Western Australia’s space sector has hit another milestone with the opening of the state government-funded Space Automation, AI and Robotics Control Complex.
Established and operated by Dutch geological data specialist Fugro, the multi-user facility opened on Thursday to provide remote operations activities in space as well as terrestrial and subsea remote operations.
The facility also features infrastructure to support software simulation of space vehicles, space robotic systems, and planetary exploration systems, including orbital mechanics and simulated communication links with time delays.
Fugro received $3.5 million from the state government last year and $4.5 million from the Australian Space Agency to set up the complex.
Houston-based lunar program operator Intuitive Machines is an early partner to the Space Automation, AI and Robotics Control Complex (SpAARC). SpAARC will integrate into the American firm’s space operations and support its missions from January 2023.
Intuitive machines has three NASA contracts to deliver payloads to the moon, and describes itself as the “most NASA-awarded commercial lunar program”.
SpAARC space systems director Dawn McIntosh told Australia in Space Magazine earlier this year that collaborating with companies in the Northern Hemisphere can allow operations to continue as they sleep.
Deputy Premier and science minister Roger Cook described the opening of the complex as a “historic moment for Western Australia’s space industry”.
“We are a world-leader in terrestrial remote operations across the resources sector, and now is the time to utilise that experience and expertise to support the burgeoning space industry,” Mr Cook said.
“We are seizing the opportunity to transform WA into a global space and technology hub that attracts the best and brightest talent, and accelerates the diversification of our economy.”

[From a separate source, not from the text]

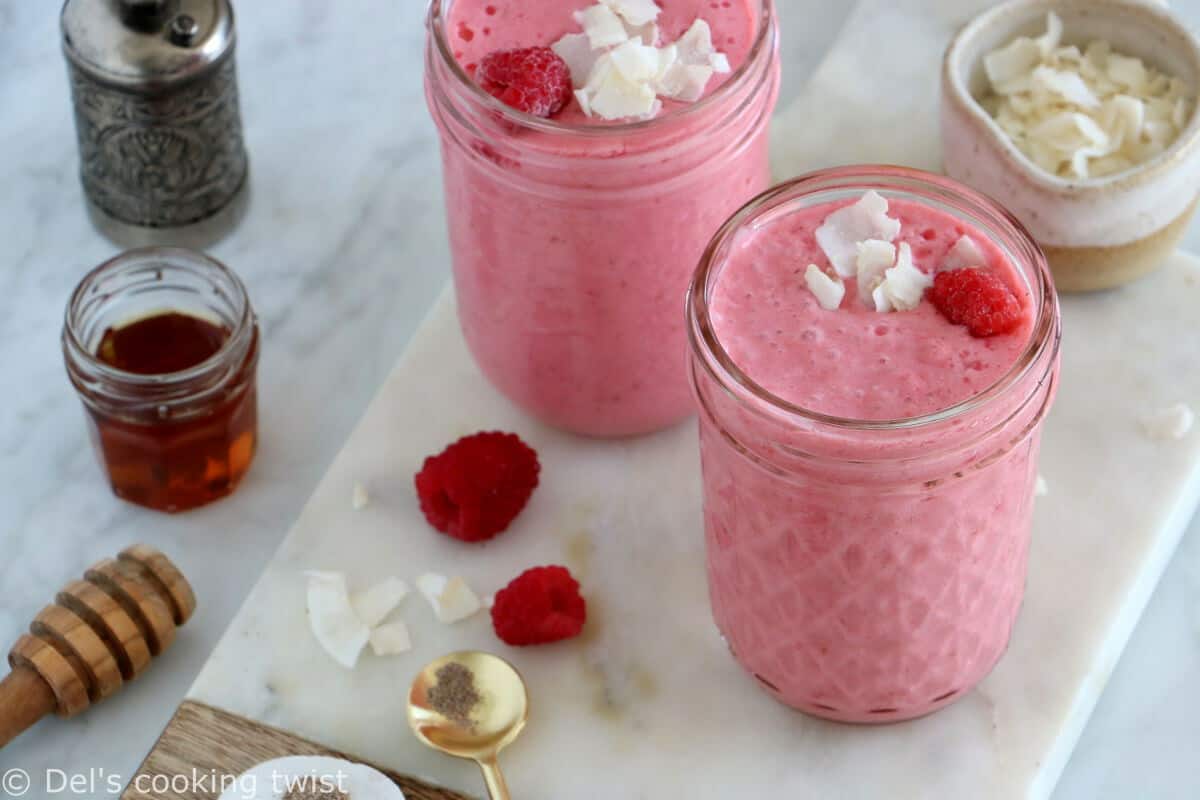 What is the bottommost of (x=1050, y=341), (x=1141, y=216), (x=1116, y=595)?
(x=1116, y=595)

Earlier this year, Western Australia’s chief scientist Peter Klinken participated in two of the state’s innovation trade missions to Europe and the United States. On his return, he told InnovationAus.com that companies in the United States were particularly surprised by how advanced remote operations, robotics, automation, and space technology is in Western Australia.
SpAARC funding from the Australian Space Agency was provided through the $19.5 million Space Infrastructure Fund. The fund aimed to support seven infrastructure projects with common-user platforms that had yet to be provided through the private sector alone.
This includes the Australian Space Data Analysis Facility, which received $1.5 million through the fund and $500,000 from the state government.
In the 2022-23 state Budget, Curtin University’s Binar Space smallsat program received $2.5 million while the Australian Remote Operations for Space and Earth industry consortium received $4 million. Fugro is a founding member of the consortium.